MIT Kuo Sharper Center for Prosperity and Entrepreneurship
Entrepreneurship
Two-Way Innovation Conduit – From MIT to Global Growth Markets and Back
Nadia Shalaby, PhD, Founder & CEO, Pakira, Inc., Professional Advisor, MIT Kuo Sharper Center, 2011 Student Fellow
What do pink hens, digital twins, and mighty microbes have in common? MIT – and global changemakers seeking to transform their regions.
Bidirectional Gateway between MIT Innovation and Global Growth Markets
Via its motto mens et manus, the mission of MIT is to “advance knowledge, educate students, and serve the nation and the world through science, technology, and other scholarly pursuits”. Within MIT, the mission of the Kuo Sharper Center for Prosperity and Entrepreneurship is, in part, to serve as the knowledge gateway to and from global growth markets – building pathways for prosperity via entrepreneurship, better and more jobs, and improving people’s lives.

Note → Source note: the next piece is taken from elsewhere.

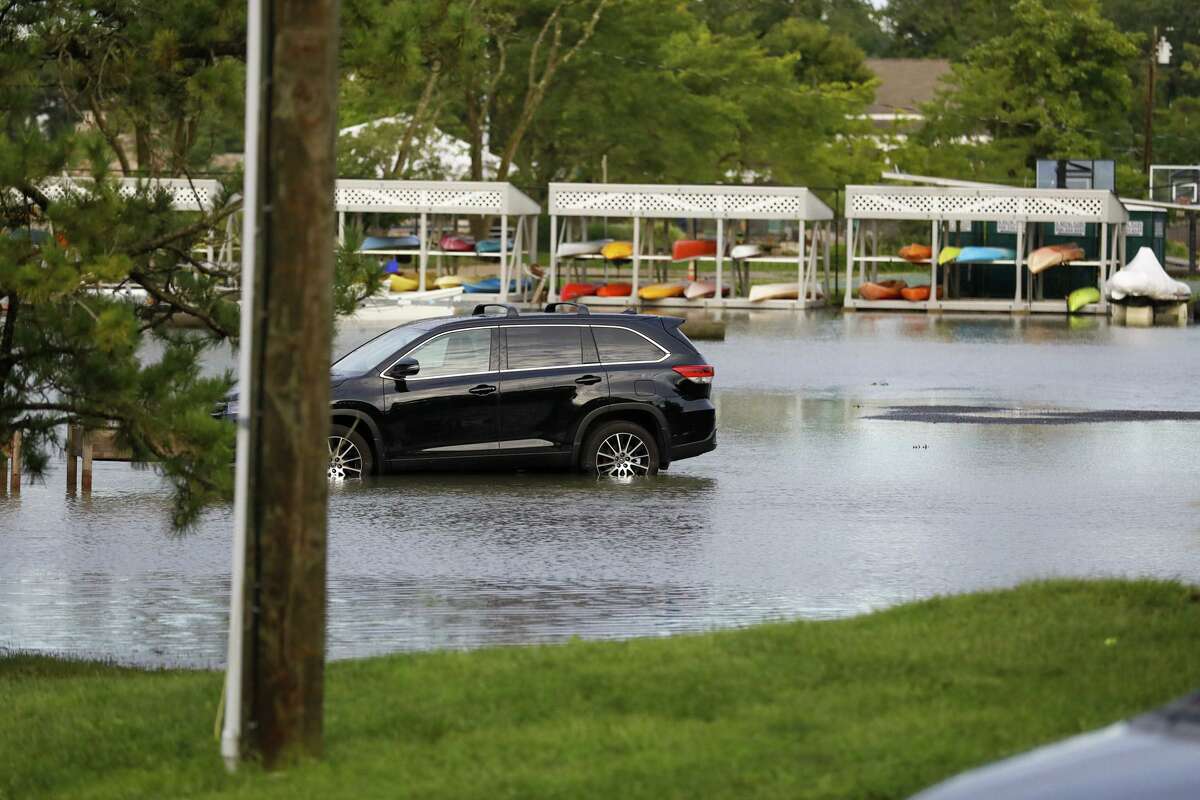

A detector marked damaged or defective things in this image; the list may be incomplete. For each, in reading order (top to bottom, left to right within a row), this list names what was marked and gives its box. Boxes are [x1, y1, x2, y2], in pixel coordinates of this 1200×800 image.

As MIT innovators (student and alumni entrepreneurs, scientists, and engineers) produce new discoveries and technologies, they seek to propagate their commercialization globally, beyond the US and Europe – a challenging endeavor. Similarly, change makers (entrepreneurs, executives, and policymakers) in global growth markets seek access to these breakthrough innovations to adopt and localize back home, also a nonlinear, obstacle-ridden path.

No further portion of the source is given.